## Supplied records
* * * * * * * * *
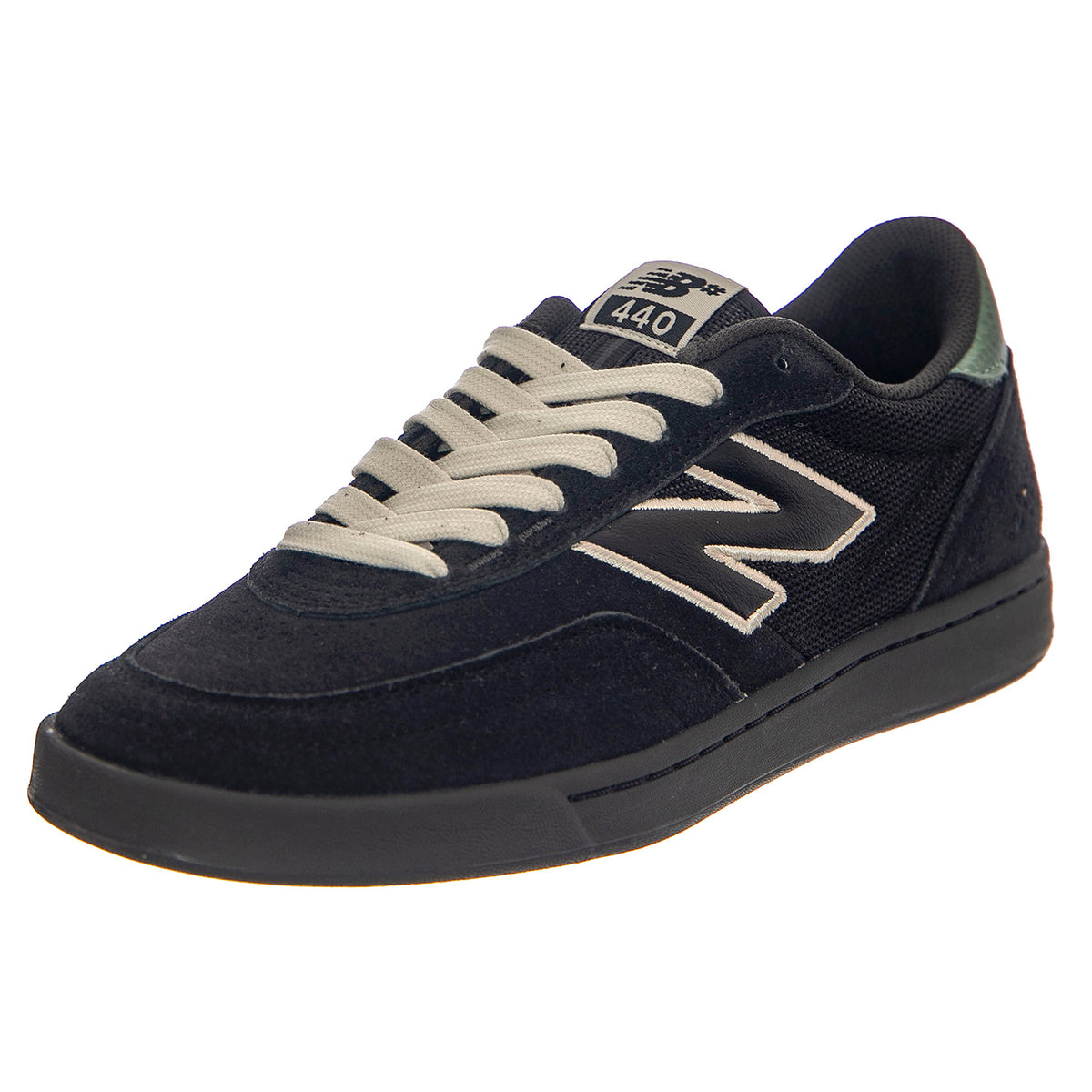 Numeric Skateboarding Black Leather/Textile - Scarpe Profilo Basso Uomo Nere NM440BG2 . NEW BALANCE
* * * * * * * * *
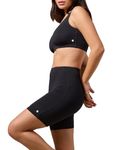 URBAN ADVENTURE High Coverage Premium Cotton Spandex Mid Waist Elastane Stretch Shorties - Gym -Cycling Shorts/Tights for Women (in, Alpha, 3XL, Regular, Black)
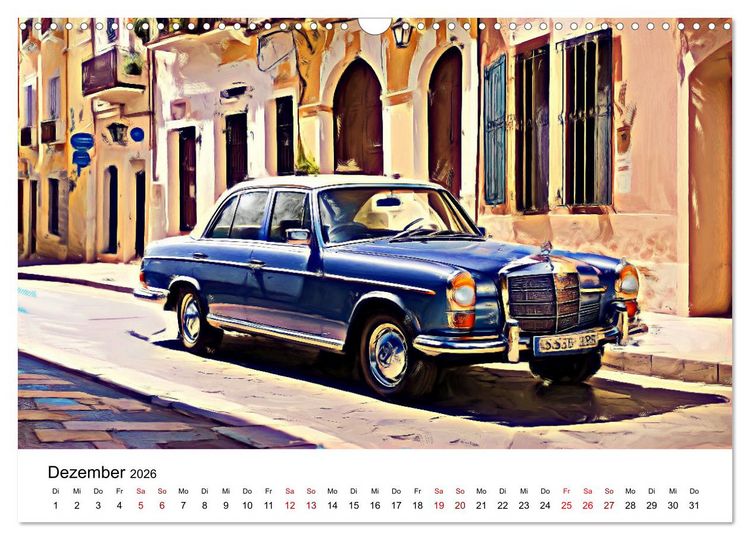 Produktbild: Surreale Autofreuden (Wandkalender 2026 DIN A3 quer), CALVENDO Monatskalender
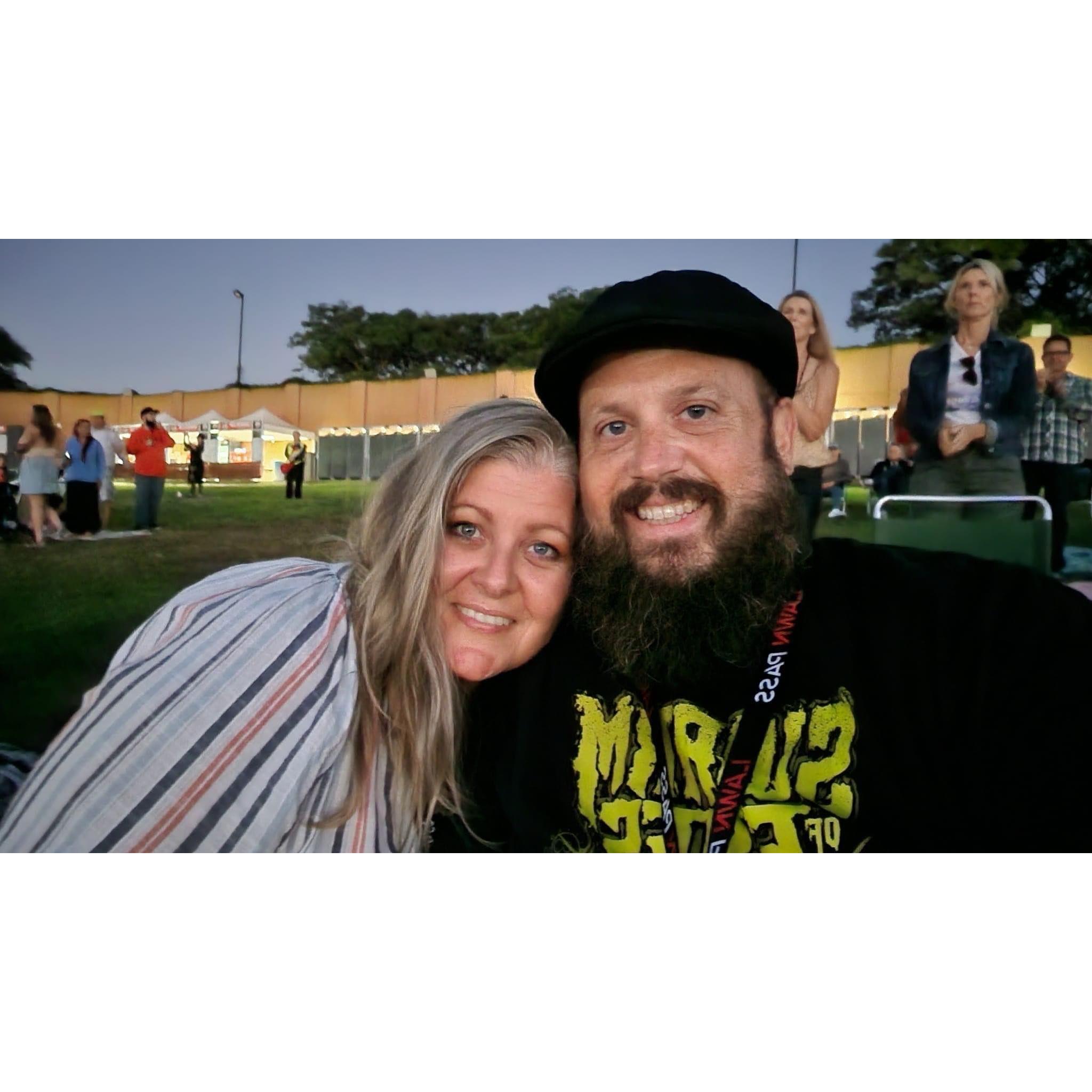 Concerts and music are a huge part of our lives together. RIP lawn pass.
* * * * * * * * *
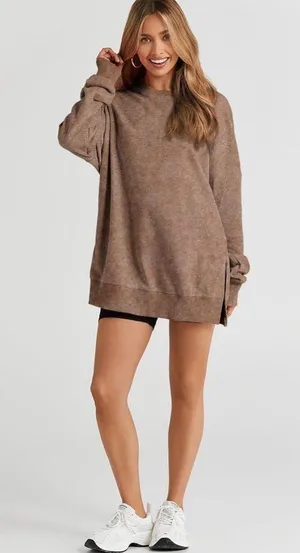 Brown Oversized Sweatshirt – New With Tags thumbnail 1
* * * * * * * * *
## About this exercise
Of the lines above, quote exactly those from the one with "Produktbild: Surreale Autofreuden" through the one with "Concerts and music", ends included; pictures stay out.

## Expected answer
 Produktbild: Surreale Autofreuden (Wandkalender 2026 DIN A3 quer), CALVENDO Monatskalender
 Concerts and music are a huge part of our lives together. RIP lawn pass.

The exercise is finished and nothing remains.